**TASK TO CARRY OUT**
Please repeat the records exactly. The pictures are to be left out.

**Scraped caption text data**
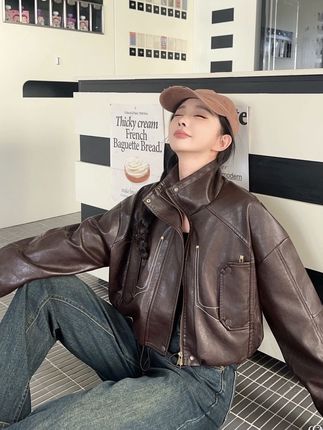 2025秋季新款甜酷辣妹明线口袋工装短外套夹克#高级感穿搭 #皮衣外套女 #爆款热卖中 #谁穿谁好看系列 #女装穿搭 @DOU+小助手 @DOU+上热门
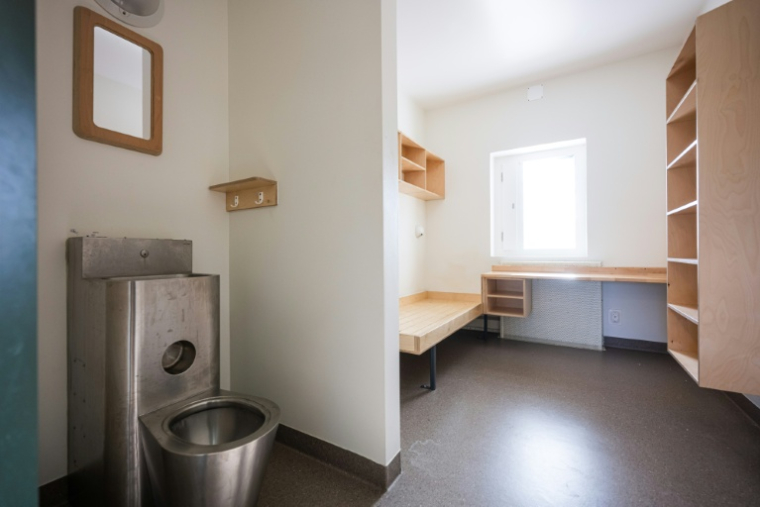 Une cellule de la prison de Rosersberg, au nord de Stockholm, le 4 mars 2026 en Suède ( AFP / Jonathan NACKSTRAND )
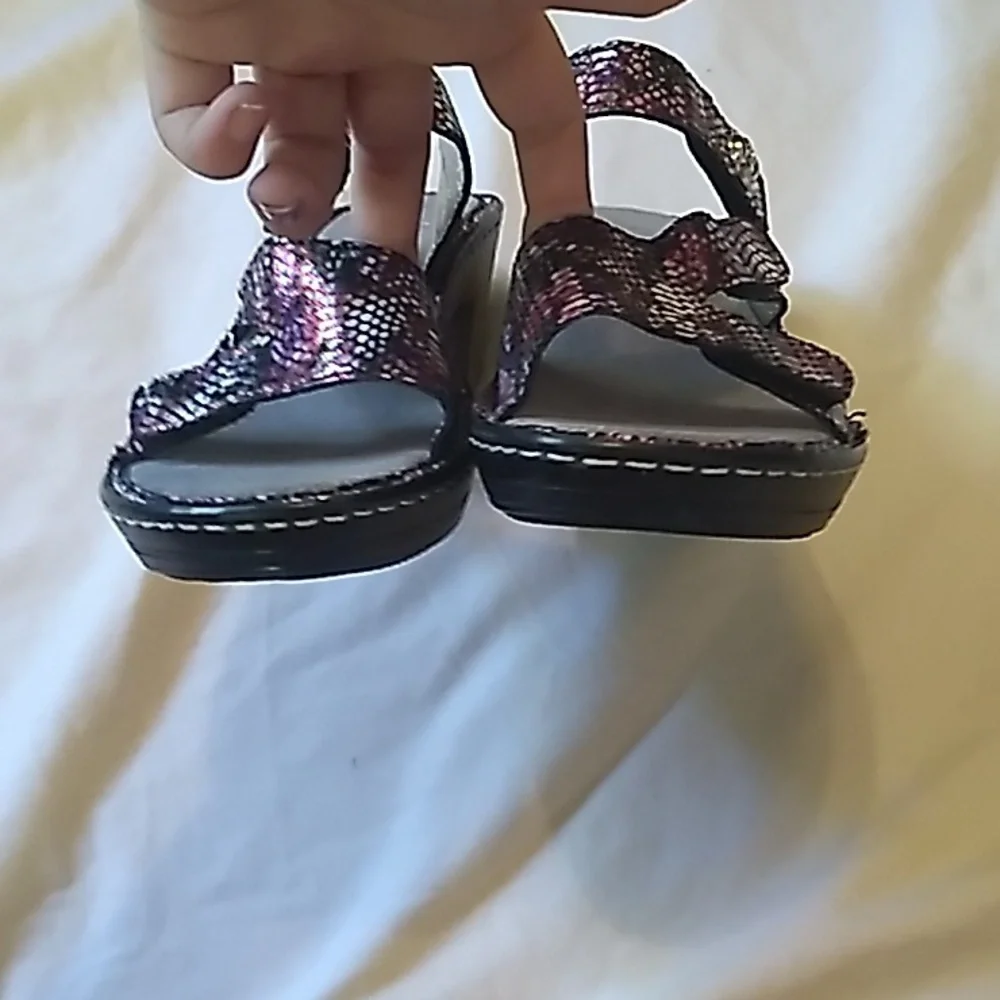 π©΅π Womens Alegria shoes size 37 color Metallic purple π©΅π - Picture 6 of 9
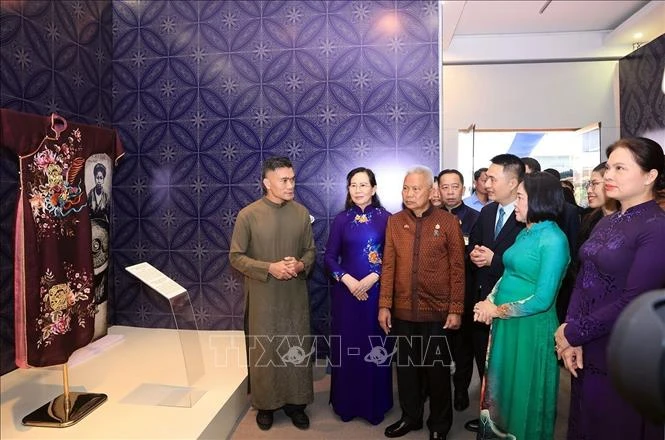 Chủ tịch Quốc hội Thái Lan dự khai mạc Triển lãm ‘Đan kết hữu nghị: Tôn vinh 50 năm quan hệ ngoại giao Việt Nam - Thái Lan’ Chủ tịch Quốc hội Thái Lan dự khai mạc Triển lãm ‘Đan kết hữu nghị: Tôn vinh 50 năm quan hệ ngoại giao Việt Nam - Thái Lan’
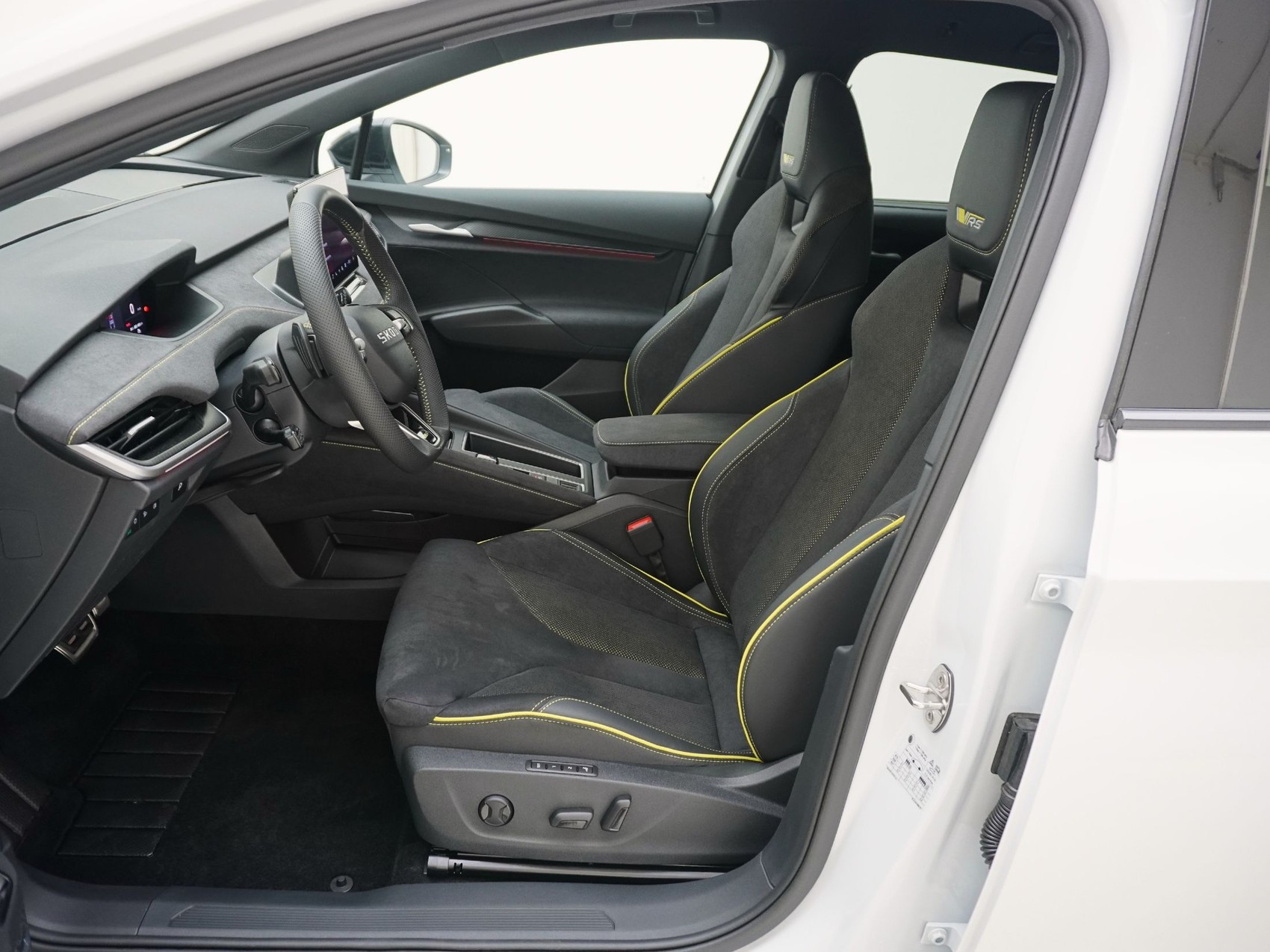 SKODA Enyaq iV RS-Lounge-image-12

**OUTPUT OF THE EXERCISE**
 2025秋季新款甜酷辣妹明线口袋工装短外套夹克#高级感穿搭 #皮衣外套女 #爆款热卖中 #谁穿谁好看系列 #女装穿搭 @DOU+小助手 @DOU+上热门
 Une cellule de la prison de Rosersberg, au nord de Stockholm, le 4 mars 2026 en Suède ( AFP / Jonathan NACKSTRAND )
 π©΅π Womens Alegria shoes size 37 color Metallic purple π©΅π - Picture 6 of 9
 Chủ tịch Quốc hội Thái Lan dự khai mạc Triển lãm ‘Đan kết hữu nghị: Tôn vinh 50 năm quan hệ ngoại giao Việt Nam - Thái Lan’ Chủ tịch Quốc hội Thái Lan dự khai mạc Triển lãm ‘Đan kết hữu nghị: Tôn vinh 50 năm quan hệ ngoại giao Việt Nam - Thái Lan’
 SKODA Enyaq iV RS-Lounge-image-12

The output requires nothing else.